Biographical details
- Born: April 26, 1952 (age 73) Marshalltown, Iowa, U.S.

Playing career
- 1970–1973: Iowa State
- Position: Offensive lineman

Coaching career (HC unless noted)
- 1974: Iowa State (GA)
- 1975: Missouri Western (OL)
- 1976: Missouri Western (OC/OL)
- 1977–1978: Leavenworth HS (KS)
- 1979–1980: Morehead State (AHC/OL)
- 1981–1983: Morehead State
- 1984–1986: The Citadel (AHC/OL)
- 1989–1992: Colorado State (AHC/OL)
- 1993: Phoenix Cardinals (AOL)
- 1994: Connecticut (AHC/WR)
- 1995–1997: Iowa State (OC/OL)
- 1998–1999: Minnesota (OC/OL)
- 2000–2001: Iowa State (OC/OL)
- 2002–2004: Minnesota Vikings (OL)
- 2005: Minnesota Vikings (OC/OL)
- 2006: Arizona Cardinals (OL)
- 2007: Drake
- 2008–2011: St. Louis Rams (OL)
- 2012–2013: Tampa Bay Buccaneers (AOL)
- 2015–2016: Dallas Cowboys (AOL)
- 2017: Dallas Cowboys (TE)
- 2022: Pittsburgh Maulers (OL)

Head coaching record
- Overall: 14–29

= Steve Loney =

American football player and coach (born 1952)

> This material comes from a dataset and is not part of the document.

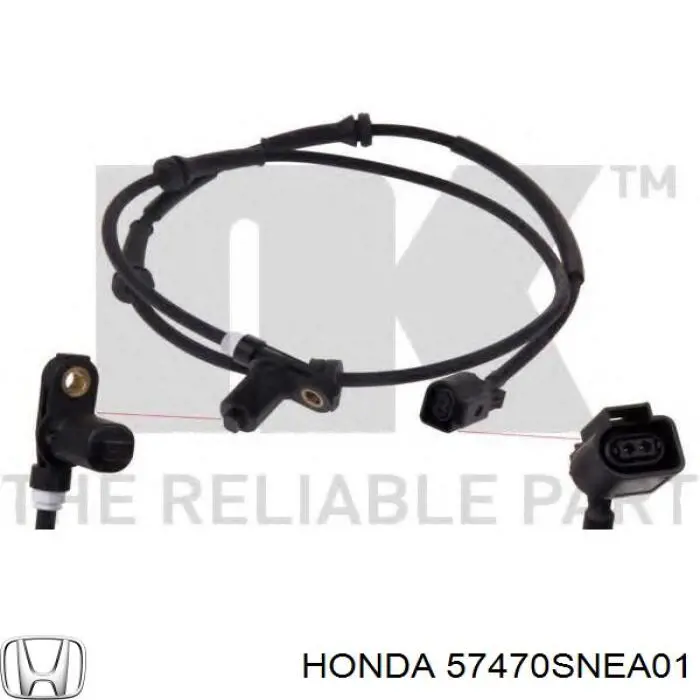 57470SNEA01 Honda sensor abs trasero derecho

Steve Loney (born April 26, 1952) is an American former football coach who was the offensive line coach for the Pittsburgh Maulers of the United States Football League (USFL). He was the offensive line coach for the Minnesota Vikings from 2003 to 2005, the Arizona Cardinals in 2006, and the St. Louis Rams from 2008 to 2011. Additionally, his highest coaching assignment in the National Football League (NFL) was as the offensive coordinator of the Vikings in 2005 under head coach Mike Tice. He held the dual role of offensive coordinator and offensive line coach at his alma mater Iowa State University from 1995 to 1997 and 2000 to 2001, and at the University of Minnesota from 1998 to 1999.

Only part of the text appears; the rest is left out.